We have studied these and similar events closely with Adobe to identify the cause of the outages. Unfortunately, it can be complicated to identify root causes for each such event. In some cases, we learned from the logs and other files what was happening. The analysis below was derived from the events having sufficient information to draw conclusions. 

 

Issue AEM Author was not responding
Why?
The CPU was 100% busy 
Why? The memory was exhausted
Why? For at least two of the outages queries were taking many resources 
Why? The queries were traversing all the data nodes 
Why?

Either the system did not have proper indexes needed to service the query. 

Or, the query itself was improper. 

 

Based on the analysis, Adobe recommended two changes to address what we believe are the root causes for the outages.

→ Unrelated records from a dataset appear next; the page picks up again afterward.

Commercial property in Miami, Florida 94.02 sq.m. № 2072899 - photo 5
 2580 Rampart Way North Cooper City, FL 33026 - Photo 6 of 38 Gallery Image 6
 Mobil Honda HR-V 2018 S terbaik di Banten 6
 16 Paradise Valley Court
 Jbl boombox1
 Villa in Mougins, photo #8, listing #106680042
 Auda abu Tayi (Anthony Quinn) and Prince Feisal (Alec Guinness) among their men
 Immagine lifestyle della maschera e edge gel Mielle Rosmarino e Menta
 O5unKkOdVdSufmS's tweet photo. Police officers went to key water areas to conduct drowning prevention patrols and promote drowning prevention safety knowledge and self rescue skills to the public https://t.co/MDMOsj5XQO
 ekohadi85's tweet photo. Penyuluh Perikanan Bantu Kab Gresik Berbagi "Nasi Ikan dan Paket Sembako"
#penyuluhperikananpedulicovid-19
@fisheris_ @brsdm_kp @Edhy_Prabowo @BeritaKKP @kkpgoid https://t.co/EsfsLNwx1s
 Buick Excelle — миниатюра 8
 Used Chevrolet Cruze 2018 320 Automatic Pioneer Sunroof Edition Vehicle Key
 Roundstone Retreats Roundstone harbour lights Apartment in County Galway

  1. Adding a limit that will prevent improper queries from running away in this manner. That change took effect on production on 3/22, and appears to be effective. Since applying the limit, author has not crashed or had significant memory events.
  2. For common queries, Adobe has suggested a change to an appropriate index. This was applied to our Staging Tier and has shown to reduce running time of some common queries. It also reduced the amount of logs generated.  

Long term memory growth & garbage collection

We have observed memory utilization steadily growing over time. This is reason for concern, because unless reclaimed the system will run out of memory and crash. The graph below shows the left portion growing slowly every day until it reached a threshold. At which point the memory was dramatically reclaimed. Provided this process continues to occur, the system should be very reliable.

CMS (concurrent mark sweep) is an algorithm for reclaiming memory thru a process known as garbage collection. 'Concurrent' means it attempts to run in parallel to the application's other duties so not to affect performance. After Young Generation memory undergoes garbage collection, the remaining objects are compacted by moving them aside into the memory pool called Old Generation. Slow Old Gen memory pool growth may indicate the application has a memory leak. A memory leak is when new objects are created in memory, but that memory cannot be reclaimed due to existing and possibly unnecessary references to those objects.

 

Conclusion

The limits placed on production author appear to allow the system sustained uptime. We are cautiously watching the memory growth hopeful that garbage collection occurs as a matter of process as shown on 3/31/2017. Based on these updates, the maintenance activity preceding these problems does not appear to be related.